The family members of the forcibly disappeared farmers’ rights activist Jonas Burgos got something completely unexpected today: hope for justice.
People affiliated with the Philippine armed forces allegedly abducted Burgos from a Manila shopping mall in April 2007. Burgos was never seen again and the military has repeatedly denied any role in his disappearance. But today, Maj. Harry Baliaga Jr. of the Philippine Army surrendered to a Manila court for his alleged role in Burgos’ disappearance. He is now out on bail. The court’s decision to prosecute Baliaga for “arbitrary detention” is supported by eyewitnesses who have identified him as one of Burgos’ abductors.
Baliaga’s prosecution is a long-overdue symbolic victory in the Philippines for justice against rights abuses and to end impunity for enforced disappearances and extrajudicial killings.

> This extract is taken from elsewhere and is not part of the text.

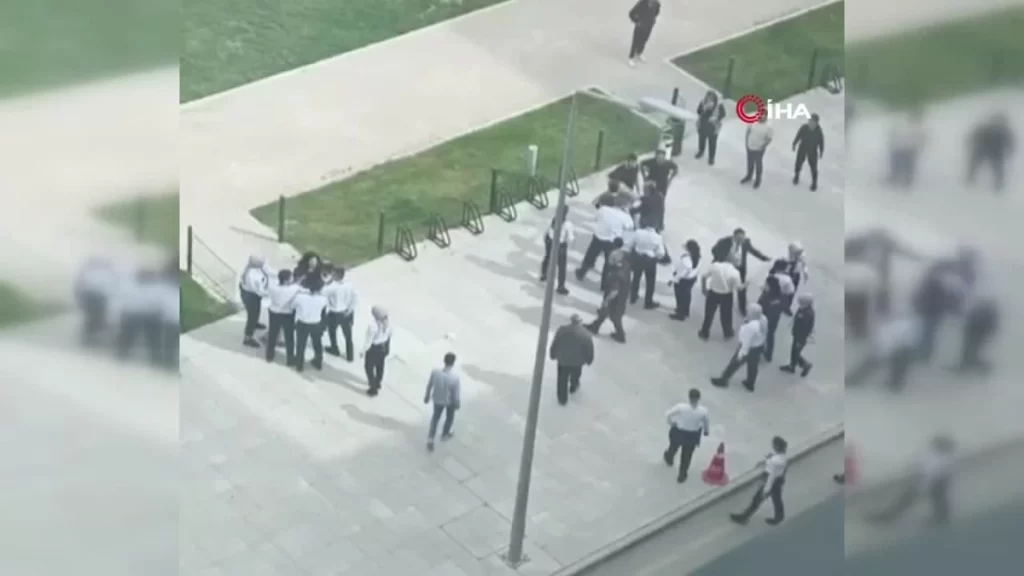 Hastane bahçesinde aileler arasında kavga çıktı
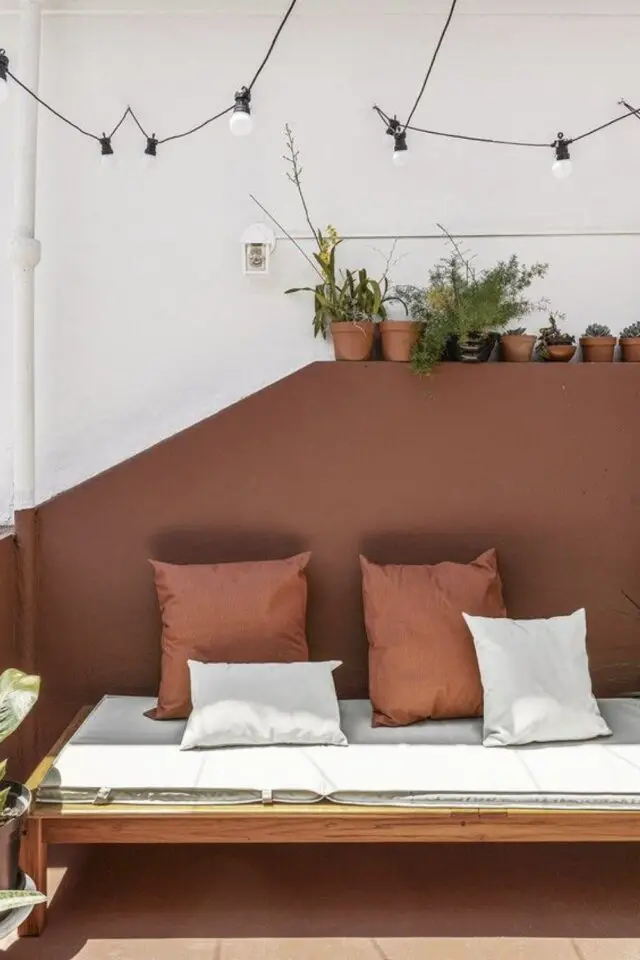 mur terrasse peinture couleur terracotta jeu avec des pots de fleurs en terre cuite idée facile à copier mur terrasse peinture couleur terracotta jeu avec des pots de fleurs en terre cuite idée facile à copier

However, the Philippine government extended minimal effort in the search for Jonas Burgos and in identifying and prosecuting his abductors. It was the tireless crusade of his mother, Edita Burgos, along with human rights groups, that prodded authorities to pursue the case and, ultimately, issue the warrant. Baliaga was only charged after Edita Burgos petitioned the Supreme Court, which in turn ordered the Commission on Human Rights to investigate Burgos’ abduction. The military and Baliaga have repeatedly denied the allegations, and military spokesmen said on Friday they welcomed Baliaga’s surrender as a chance for him to clear his name.
While the outcome of Baliaga’s case is uncertain, his surrender lends a needed boost to the Philippines’ human rights movement – if only because he is among the very few military officers to be prosecuted for human rights violations. The case sends a faint but needed signal that the government of President Benigno Aquino III may finally deliver on its unfulfilled promises on human rights. Jonas Burgos and the hundreds of members of leftist political parties, political activists, critical journalists, and outspoken clergy who have been killed or forcibly disappeared in the Philippines during the past decade deserve nothing less.